A woman in California, US is suing her former employer for firing her because she decided to disable a GPS tracking app on the company iPhone that tracked her movements 24 hours a day, seven days a week.
Myrna Arias, a former sales executive with money transfer service Intermex, claims that her boss John Stubits fired her shortly after she deleted the Xora mobile workforce management app she was required to use on the company-issued iPhone.
According to Kern County Superior Court, court documents seen by Ars Technica, Arias discovered from researching the app and speaking to her colleagues and a trainer from Xora that her employer had the ability to monitor all employee movements, even out of work hours.
She spoke to Stubits about the issue and he confirmed that he was monitoring her even on weekends when she was not on duty:
Stubits admitted that employees would be monitored while off duty and bragged that he knew how fast she was driving at specific moments ever since she installed the app on her iPhone.
The plaintiff expressed that she had no problem with the app's GPS function during work hours, but that she objected to the monitoring of her location during non-work hours and complained to Stubits that this was an invasion of her privacy.
She likened the app to a prisoner's ankle bracelet and informed Stubits that his actions were illegal. Stubits replied that she should tolerate the illegal intrusion... He confirmed that she was required to keep her phone's power on "24/7" to answer phone calls from clients.

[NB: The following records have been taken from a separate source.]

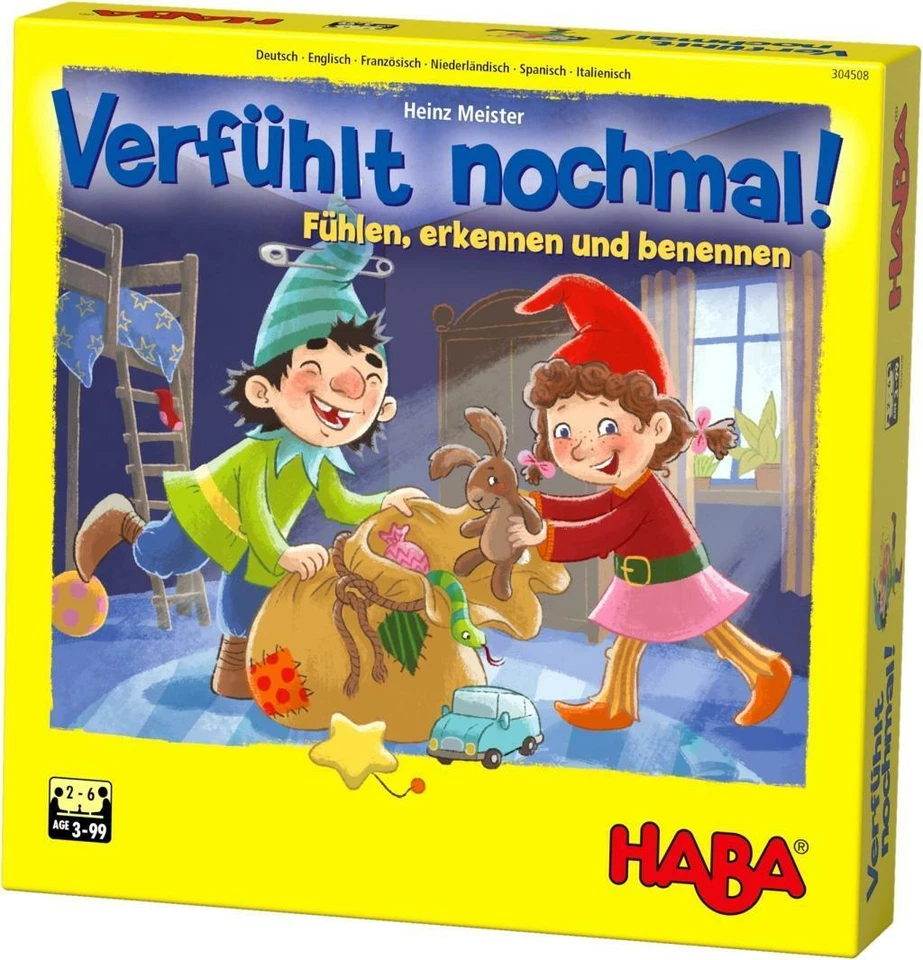 Verfühlt nochmal! von Heinz Meister (2019, Game)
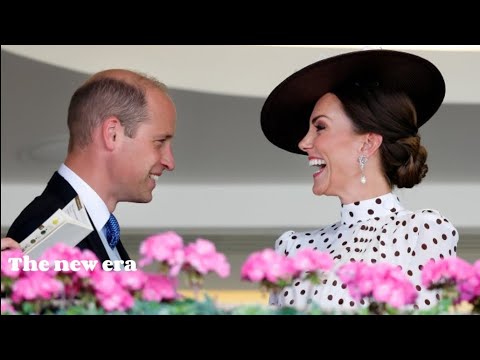 Kate Middleton&Prince William Rock Epic Hats At Royal Engagement|King&Queen Lead First Historic...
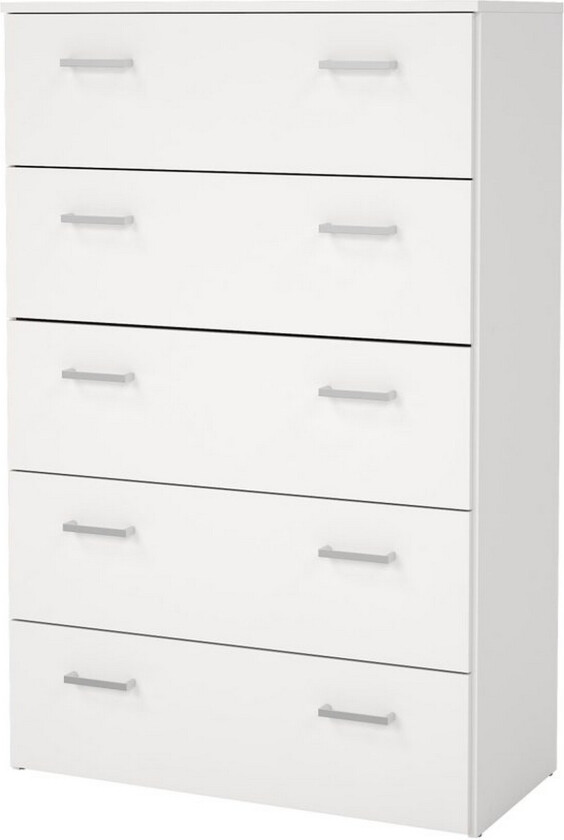 Space Kommode 74 cm - Hvit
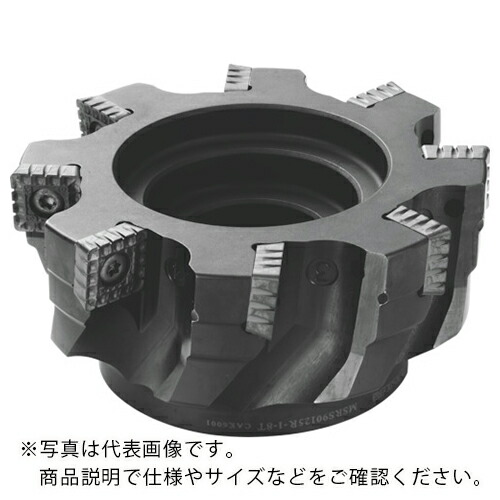 京セラ MARS90重切削用フェースミル インチ仕様 ( MSRS90250R-1-12T )
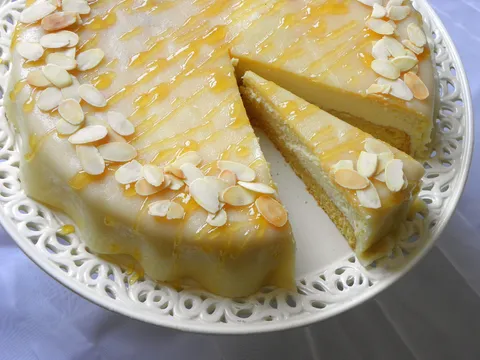 Marcipan -Cheesecake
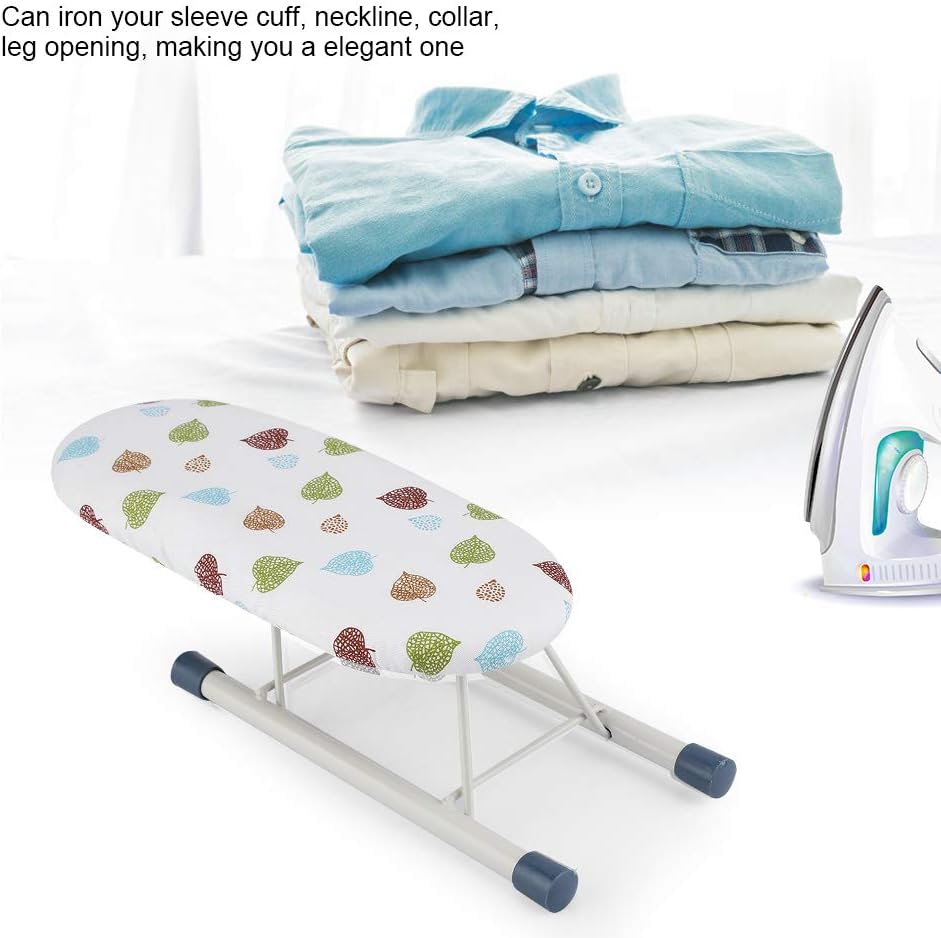 Chiciris Foldable Tabletop Ironing Board for Home and Travel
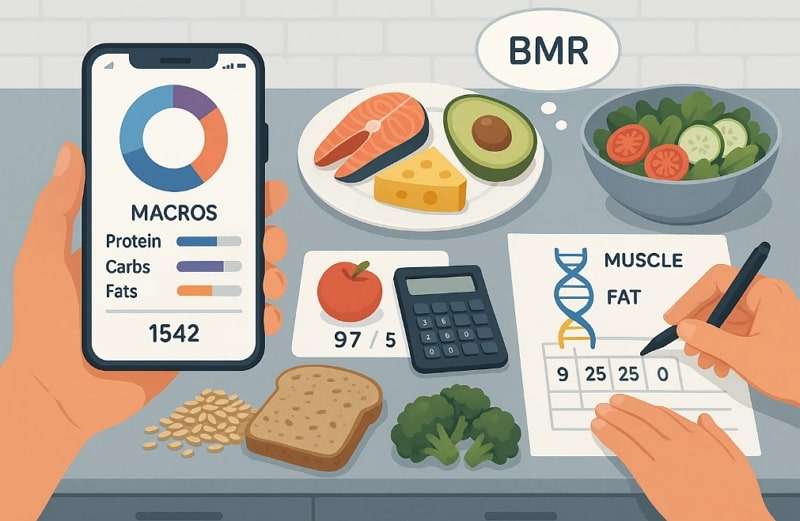 how macro tracking works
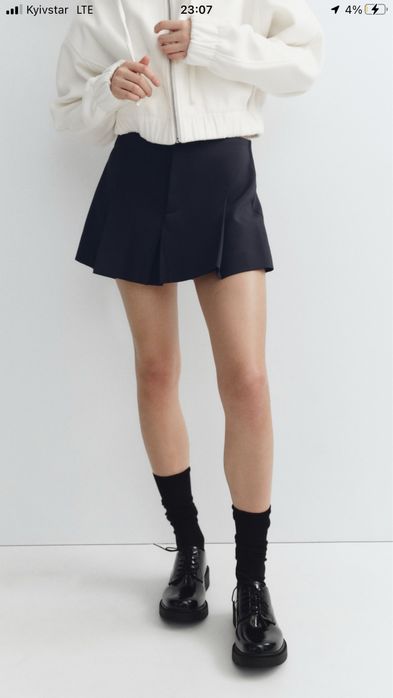 Юбка-шорти Zara.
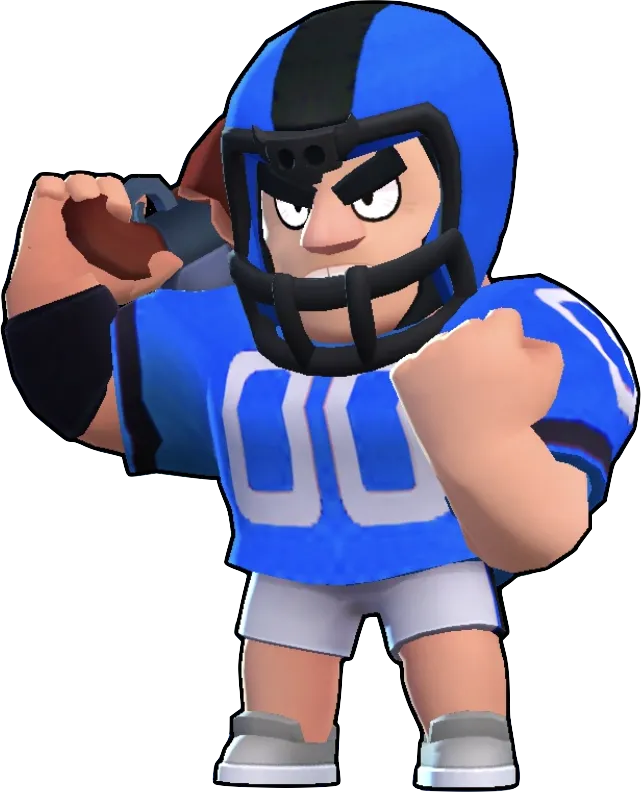 Linebacker Bull skin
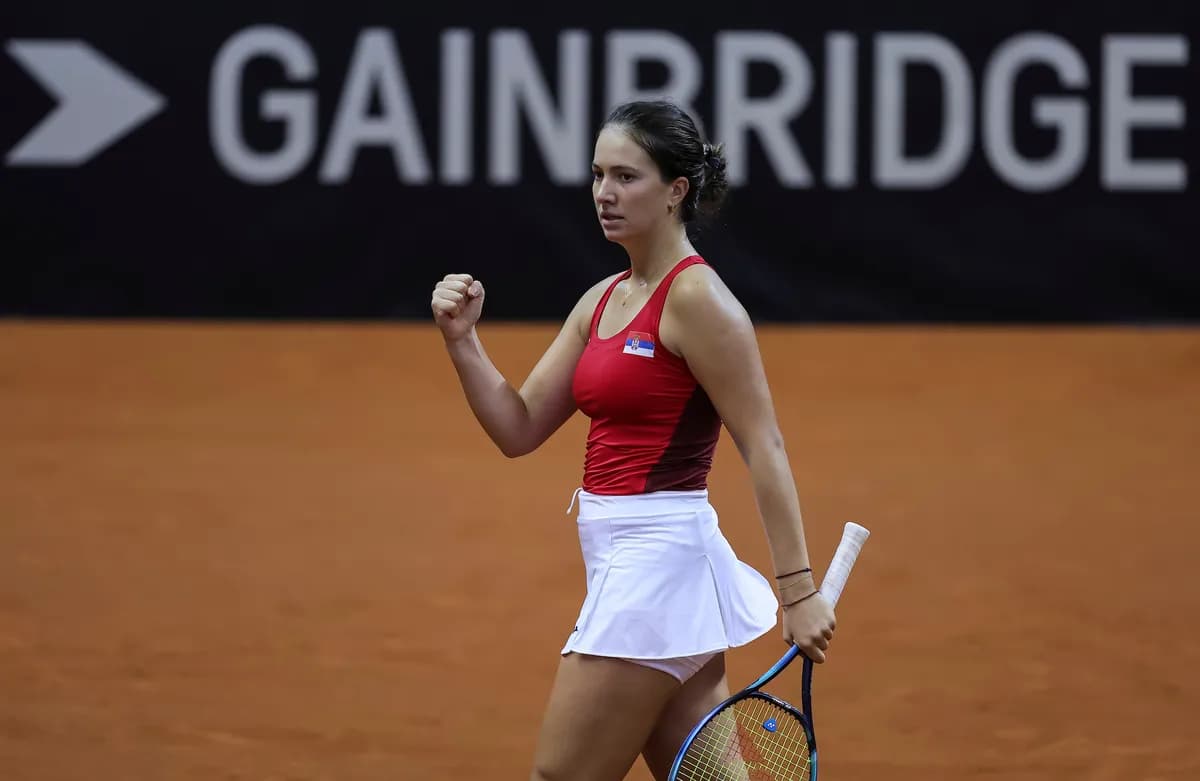 Lola Radivojević ide ka žrebu za US Open - još dva koraka je dele do velikog uspeha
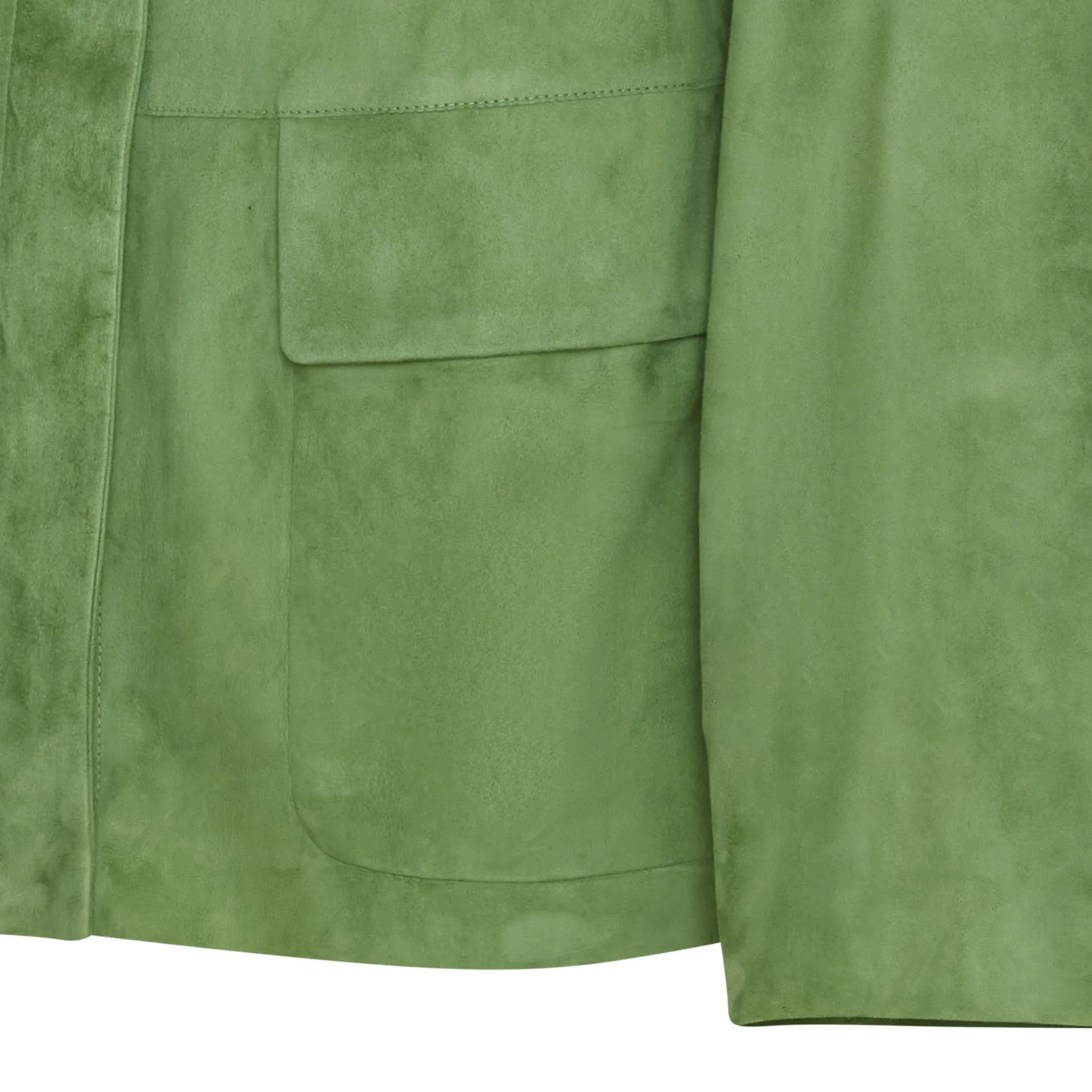 Blue Suede Jacket | Fratelli Rossetti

Vehicle GPS tracking is legal
The complaint states that the plaintiff was scolded by her boss when she uninstalled the Xora app in April 2014 to protect her privacy, and just a few weeks after her objection, Intermex fired her.
Arias, who worked at the company for approximately three months, is seeking damages in excess of $500,000 (£319,000) for a wide range of allegations, including wrongful termination, unfair business practices, invasion of privacy and retaliation.
In both the UK and the US, it is legal for employers to track employee vehicles using GPS tracking devices during work hours.
Besides being an extension of workplace surveillance, employee vehicles are tracked so that companies know where their vehicles are in case of customer complaints and theft, as well as business management.
However, in both countries, employers need to make sure that they are abiding by the relevant data protection laws.
This includes making their employees aware that the company is monitoring them at work, taking care of the data that is collected, and making sure that the employee is not being monitored if the vehicle is being used on personal time.